##### MATERIAL FOR THE TASK

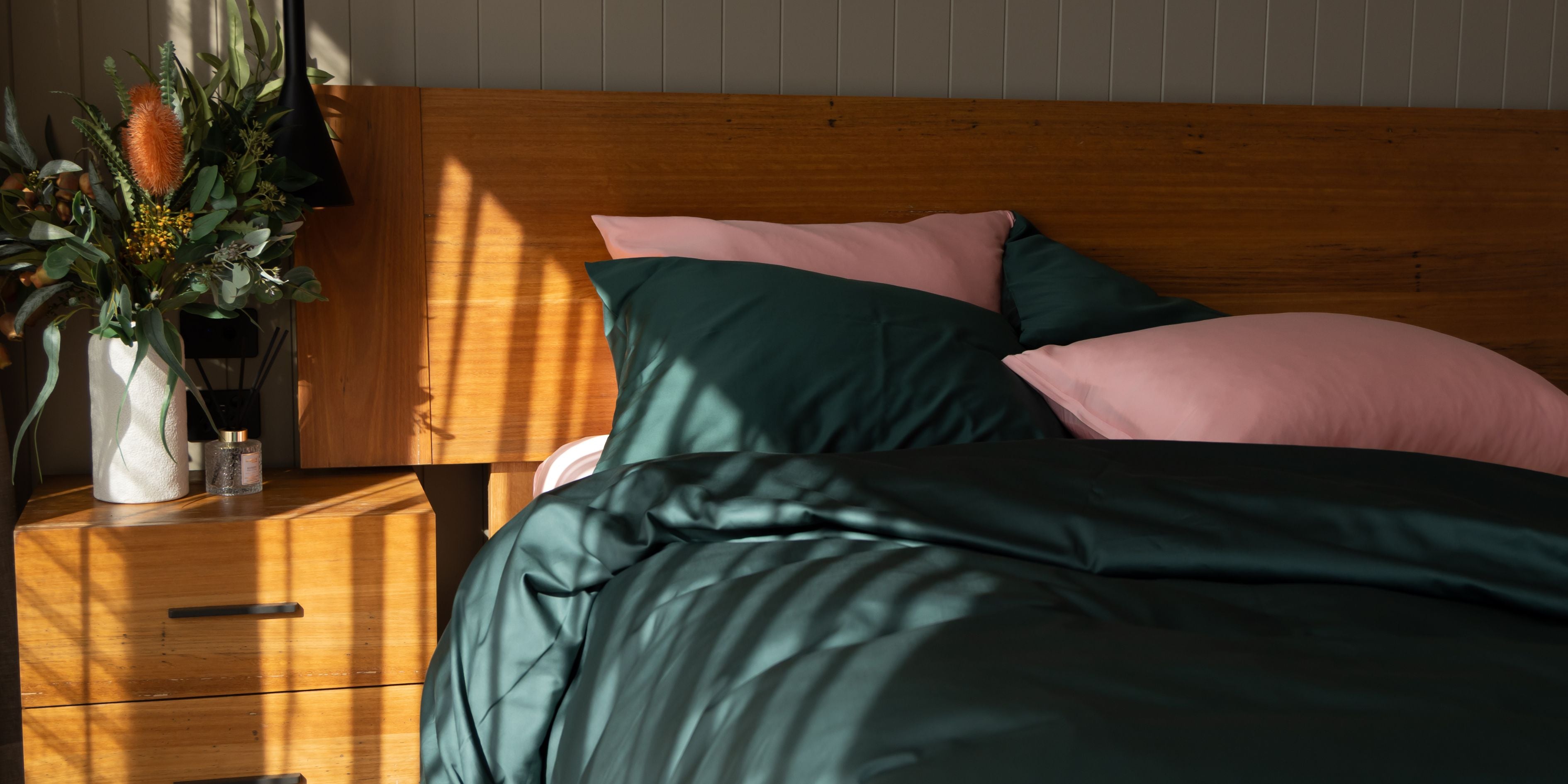 Bedroom with wooden headboard, green and pink bedding, and a nightstand with flowers.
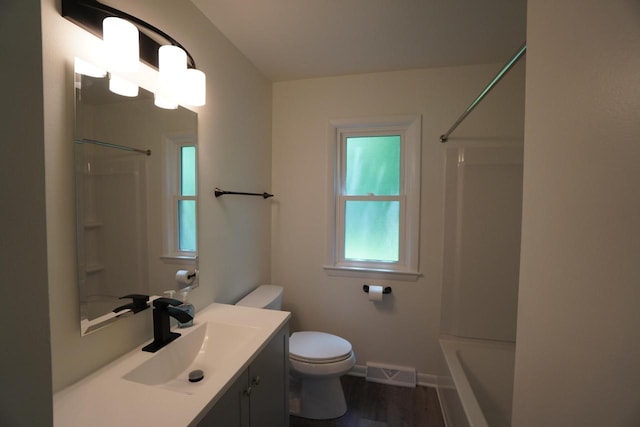 2881 S Linebarger Ter # 2883, Milwaukee, WI 53207 - bathroom featuring vanity, wood finished floors, and bathtub / shower combination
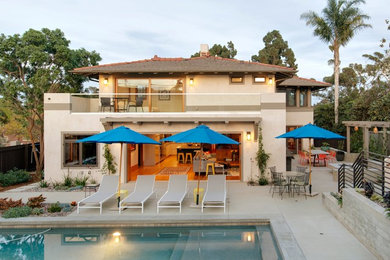 Large beach style beige two-story concrete exterior home photo in San Diego with a shingle roof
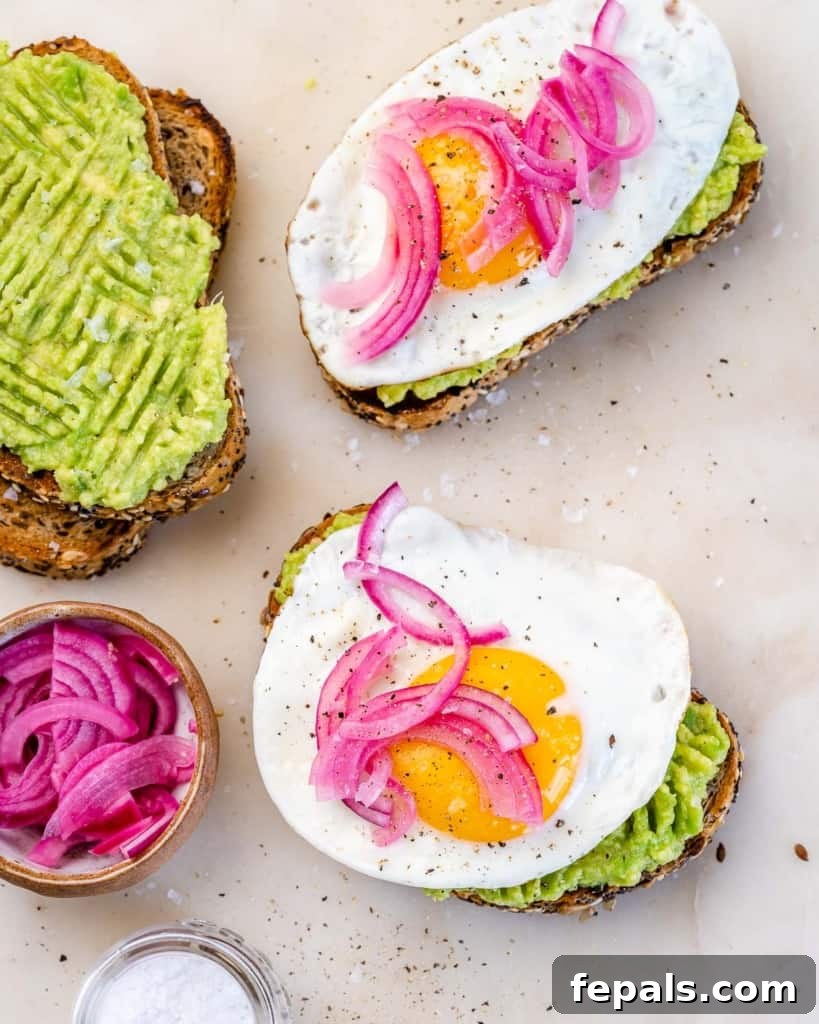 top view avocado toast topped with fried eggs and pickled onions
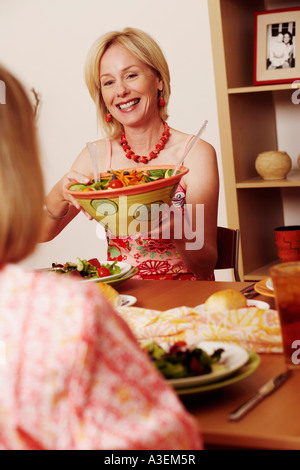 Reife Frau geben eine Schüssel mit Salat zu ihrer Freundin und lächelnd Stockfoto
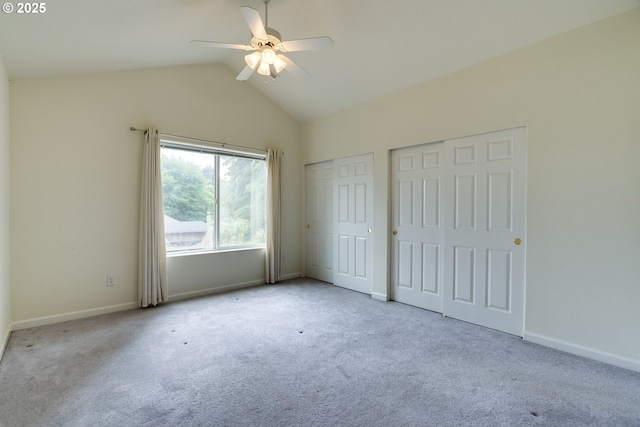 4338 NE 76th Ave, Portland, OR 97218 - unfurnished bedroom featuring multiple closets, carpet flooring, lofted ceiling, and a ceiling fan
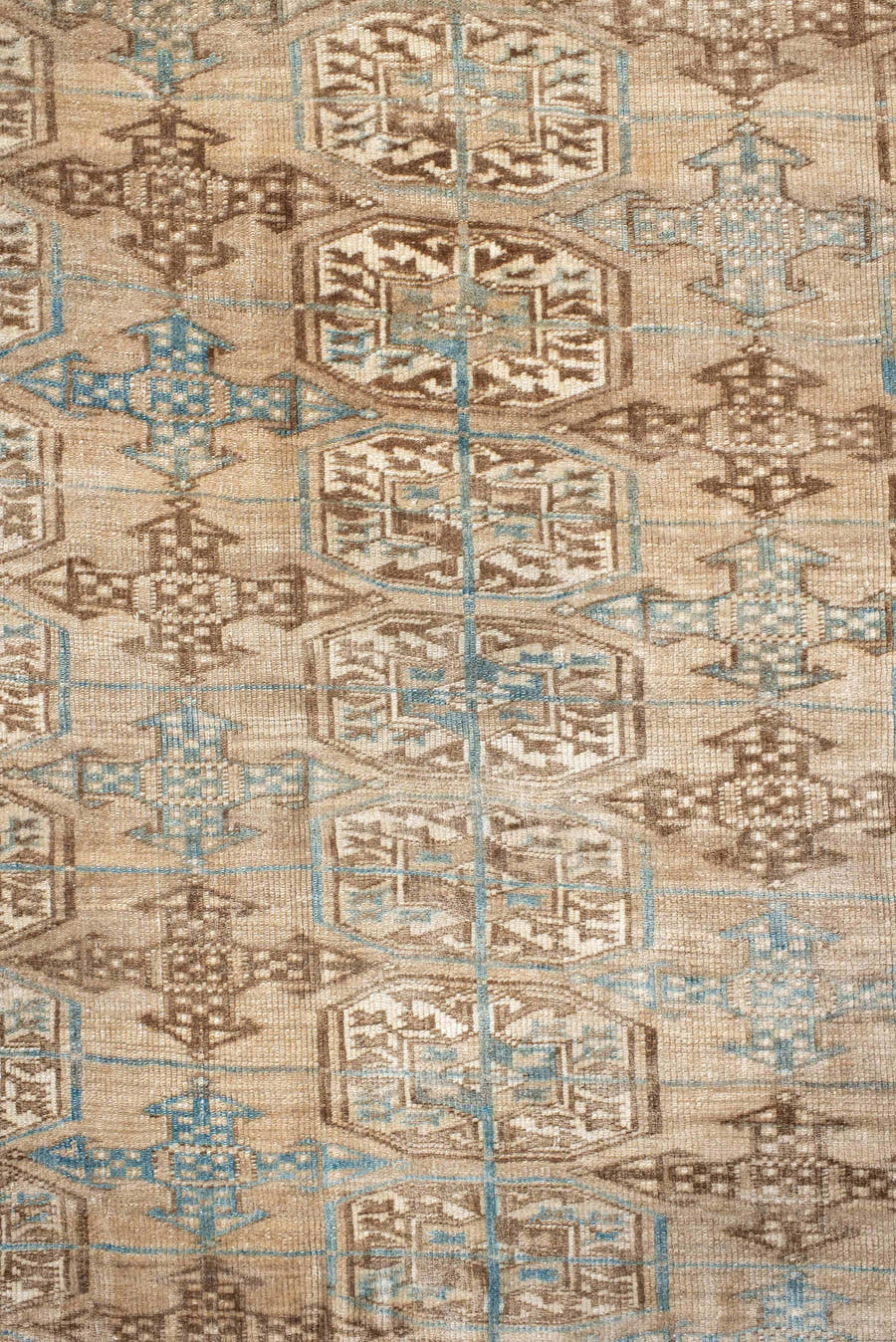7' x 10' one-of-a-kind handmade antique Bokara large size rug. Color palette: ivory, taupe, camel, pale blue, brown, beige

##########

**WORK TO BE COMPLETED:**
The result should hold only the lines from the line with "Reife Frau geben" through the final line of the records above, copied exactly, with pictures left out.

**REPLY TO THE TASK:**
 Reife Frau geben eine Schüssel mit Salat zu ihrer Freundin und lächelnd Stockfoto
 4338 NE 76th Ave, Portland, OR 97218 - unfurnished bedroom featuring multiple closets, carpet flooring, lofted ceiling, and a ceiling fan
7' x 10' one-of-a-kind handmade antique Bokara large size rug. Color palette: ivory, taupe, camel, pale blue, brown, beige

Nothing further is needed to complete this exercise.